Pressure for Early Action by Congress
Broadening the social security system to ensure virtually every worker who retires at 65 a regular income for the remainder of his life, with adequate provision for his wife or widow and minor children, is on the program of the Eisenhower administration for the present session of Congress. Expansion and liberalization of old-age insurance has strong bipartisan support and any legislation to this end which carries administration endorsement is certain of adoption whenever it can be brought to a vote.
The 1952 platforms of both parties called for extension of old-age and survivors insurance to sizeable groups now lacking protection against the economic hazards of advancing years. President Eisenhower urged universal coverage of the working population in his campaign speeches and in his State of the Union message, Feb. 2, he said old-age insurance “should be promptly extended to cover millions of citizens who have been left out of the social security system.”

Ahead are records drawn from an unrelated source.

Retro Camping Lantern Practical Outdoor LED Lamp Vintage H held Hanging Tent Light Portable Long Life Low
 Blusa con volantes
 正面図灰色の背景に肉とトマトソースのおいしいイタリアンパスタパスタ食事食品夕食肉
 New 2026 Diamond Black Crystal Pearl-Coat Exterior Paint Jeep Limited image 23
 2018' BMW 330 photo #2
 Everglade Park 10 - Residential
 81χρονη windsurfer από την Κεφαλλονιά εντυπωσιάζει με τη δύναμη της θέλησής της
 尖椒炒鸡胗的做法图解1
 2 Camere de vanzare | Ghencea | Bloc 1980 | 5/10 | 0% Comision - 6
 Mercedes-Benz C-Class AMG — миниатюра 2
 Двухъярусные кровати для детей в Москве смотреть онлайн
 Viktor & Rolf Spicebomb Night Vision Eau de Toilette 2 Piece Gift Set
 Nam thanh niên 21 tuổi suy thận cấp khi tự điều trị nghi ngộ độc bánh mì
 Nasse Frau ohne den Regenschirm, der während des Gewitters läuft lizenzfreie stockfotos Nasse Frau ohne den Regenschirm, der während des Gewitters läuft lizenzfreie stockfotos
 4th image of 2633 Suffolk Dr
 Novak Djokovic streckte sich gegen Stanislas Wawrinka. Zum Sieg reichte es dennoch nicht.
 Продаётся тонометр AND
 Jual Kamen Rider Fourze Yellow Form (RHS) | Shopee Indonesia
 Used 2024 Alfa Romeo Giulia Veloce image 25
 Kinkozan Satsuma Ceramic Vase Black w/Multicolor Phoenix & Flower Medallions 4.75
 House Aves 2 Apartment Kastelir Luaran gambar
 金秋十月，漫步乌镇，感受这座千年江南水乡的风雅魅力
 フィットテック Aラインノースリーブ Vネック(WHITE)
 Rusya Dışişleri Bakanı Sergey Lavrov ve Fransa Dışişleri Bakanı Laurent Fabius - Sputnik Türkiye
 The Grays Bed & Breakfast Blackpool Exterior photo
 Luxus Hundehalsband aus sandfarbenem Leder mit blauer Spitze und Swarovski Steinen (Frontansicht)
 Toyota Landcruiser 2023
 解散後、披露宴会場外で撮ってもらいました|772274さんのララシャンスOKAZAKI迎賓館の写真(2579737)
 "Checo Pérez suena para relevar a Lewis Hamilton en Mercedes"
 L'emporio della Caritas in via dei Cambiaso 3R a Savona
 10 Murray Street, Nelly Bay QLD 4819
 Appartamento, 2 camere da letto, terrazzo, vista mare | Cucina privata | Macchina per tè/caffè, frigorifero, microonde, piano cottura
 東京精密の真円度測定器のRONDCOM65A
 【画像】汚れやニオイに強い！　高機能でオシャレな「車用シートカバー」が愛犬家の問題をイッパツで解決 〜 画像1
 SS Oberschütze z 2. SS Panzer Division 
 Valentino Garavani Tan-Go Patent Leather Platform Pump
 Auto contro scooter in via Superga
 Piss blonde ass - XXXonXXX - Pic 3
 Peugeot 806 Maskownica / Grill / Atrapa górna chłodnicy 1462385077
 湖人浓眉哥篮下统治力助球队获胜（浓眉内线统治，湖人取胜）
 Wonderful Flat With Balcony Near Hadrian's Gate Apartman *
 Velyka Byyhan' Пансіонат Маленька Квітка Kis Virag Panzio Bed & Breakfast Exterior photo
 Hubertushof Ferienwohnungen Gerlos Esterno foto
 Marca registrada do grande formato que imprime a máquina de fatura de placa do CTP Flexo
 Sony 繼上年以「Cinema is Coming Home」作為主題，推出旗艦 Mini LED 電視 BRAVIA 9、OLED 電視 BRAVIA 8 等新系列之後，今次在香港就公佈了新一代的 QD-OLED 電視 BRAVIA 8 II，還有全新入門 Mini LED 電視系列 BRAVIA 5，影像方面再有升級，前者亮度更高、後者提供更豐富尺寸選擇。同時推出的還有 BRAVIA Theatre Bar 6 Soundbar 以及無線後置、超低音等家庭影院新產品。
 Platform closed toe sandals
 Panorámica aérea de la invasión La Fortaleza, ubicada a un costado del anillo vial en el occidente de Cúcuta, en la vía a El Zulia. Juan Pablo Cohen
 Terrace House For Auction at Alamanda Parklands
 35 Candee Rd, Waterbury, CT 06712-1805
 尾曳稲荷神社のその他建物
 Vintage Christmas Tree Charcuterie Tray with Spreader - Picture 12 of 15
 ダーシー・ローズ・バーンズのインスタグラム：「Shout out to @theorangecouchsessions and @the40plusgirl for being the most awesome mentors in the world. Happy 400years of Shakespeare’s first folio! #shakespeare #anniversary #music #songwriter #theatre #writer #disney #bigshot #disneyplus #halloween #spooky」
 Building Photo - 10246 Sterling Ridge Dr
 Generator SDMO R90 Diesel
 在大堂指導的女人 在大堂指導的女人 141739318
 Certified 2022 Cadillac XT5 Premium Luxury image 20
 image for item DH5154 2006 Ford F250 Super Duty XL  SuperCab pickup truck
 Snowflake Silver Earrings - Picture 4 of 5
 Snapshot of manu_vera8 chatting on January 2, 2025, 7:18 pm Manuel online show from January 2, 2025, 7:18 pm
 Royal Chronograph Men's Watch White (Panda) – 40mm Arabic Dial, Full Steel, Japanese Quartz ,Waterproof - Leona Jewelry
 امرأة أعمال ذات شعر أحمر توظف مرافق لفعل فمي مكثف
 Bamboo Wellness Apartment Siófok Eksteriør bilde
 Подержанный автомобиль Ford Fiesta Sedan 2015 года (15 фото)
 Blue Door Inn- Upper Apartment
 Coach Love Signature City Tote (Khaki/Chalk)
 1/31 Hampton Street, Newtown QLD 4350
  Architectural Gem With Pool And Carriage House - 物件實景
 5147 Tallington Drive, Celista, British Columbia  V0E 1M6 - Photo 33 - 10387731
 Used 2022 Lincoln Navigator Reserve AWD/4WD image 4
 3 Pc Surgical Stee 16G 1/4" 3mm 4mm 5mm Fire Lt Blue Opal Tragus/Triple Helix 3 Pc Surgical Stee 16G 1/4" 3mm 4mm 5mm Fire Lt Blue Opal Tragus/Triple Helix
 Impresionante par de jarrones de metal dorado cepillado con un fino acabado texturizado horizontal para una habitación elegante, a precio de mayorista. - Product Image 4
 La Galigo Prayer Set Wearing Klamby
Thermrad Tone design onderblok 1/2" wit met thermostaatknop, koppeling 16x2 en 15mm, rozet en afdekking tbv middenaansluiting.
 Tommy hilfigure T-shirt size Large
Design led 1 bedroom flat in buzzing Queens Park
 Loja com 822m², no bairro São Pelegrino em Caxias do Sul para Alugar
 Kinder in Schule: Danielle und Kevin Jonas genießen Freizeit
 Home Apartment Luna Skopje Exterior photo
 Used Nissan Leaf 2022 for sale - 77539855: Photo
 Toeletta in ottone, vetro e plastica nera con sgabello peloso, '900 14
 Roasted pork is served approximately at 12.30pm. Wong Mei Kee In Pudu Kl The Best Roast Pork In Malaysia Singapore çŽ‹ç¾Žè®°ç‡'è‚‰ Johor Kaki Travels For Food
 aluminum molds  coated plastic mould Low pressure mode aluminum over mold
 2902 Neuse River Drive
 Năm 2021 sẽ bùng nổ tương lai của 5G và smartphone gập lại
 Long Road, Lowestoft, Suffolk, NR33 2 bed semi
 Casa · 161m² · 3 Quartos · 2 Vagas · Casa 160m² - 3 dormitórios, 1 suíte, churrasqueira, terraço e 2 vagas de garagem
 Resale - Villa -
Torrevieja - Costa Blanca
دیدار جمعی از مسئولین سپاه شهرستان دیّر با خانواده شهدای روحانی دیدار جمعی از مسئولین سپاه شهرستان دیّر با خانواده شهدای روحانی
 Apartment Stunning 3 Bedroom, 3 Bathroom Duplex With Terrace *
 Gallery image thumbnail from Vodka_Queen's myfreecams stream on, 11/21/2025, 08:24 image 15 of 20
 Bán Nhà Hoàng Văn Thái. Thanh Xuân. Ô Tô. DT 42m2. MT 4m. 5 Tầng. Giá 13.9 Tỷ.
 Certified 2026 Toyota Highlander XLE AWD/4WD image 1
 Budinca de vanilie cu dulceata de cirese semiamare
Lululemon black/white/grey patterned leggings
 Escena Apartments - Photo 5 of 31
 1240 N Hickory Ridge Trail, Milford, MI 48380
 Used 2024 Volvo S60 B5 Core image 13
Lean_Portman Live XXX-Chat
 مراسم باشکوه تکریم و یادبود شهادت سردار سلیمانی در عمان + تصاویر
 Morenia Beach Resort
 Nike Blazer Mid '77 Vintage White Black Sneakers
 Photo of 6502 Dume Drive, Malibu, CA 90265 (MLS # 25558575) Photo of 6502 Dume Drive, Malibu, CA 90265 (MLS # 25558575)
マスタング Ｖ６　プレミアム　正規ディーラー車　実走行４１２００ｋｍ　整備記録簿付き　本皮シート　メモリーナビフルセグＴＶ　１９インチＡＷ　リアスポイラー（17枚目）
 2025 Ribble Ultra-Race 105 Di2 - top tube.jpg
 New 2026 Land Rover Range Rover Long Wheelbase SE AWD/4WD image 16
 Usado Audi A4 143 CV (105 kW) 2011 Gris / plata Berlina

At a conference with congressional leaders Feb. 9, the President classed legislation to broaden the social security system as a “must” for the 1953 session, but doubt that action would be taken this year was raised ten days later when Chairman Reed (R., N. Y.) of the House Ways and Means Committee appointed a subcommittee to make an exhaustive study of the whole problem of old-age protection. The subcommittee is to consider, among other things, a series of proposals for drastic changes in the method of financing old-age benefits; its chairman, Rep. Curtis (R., Neb.), advocates a pay-as-you-go plan to replace the present old-age and survivors insurance trust fund.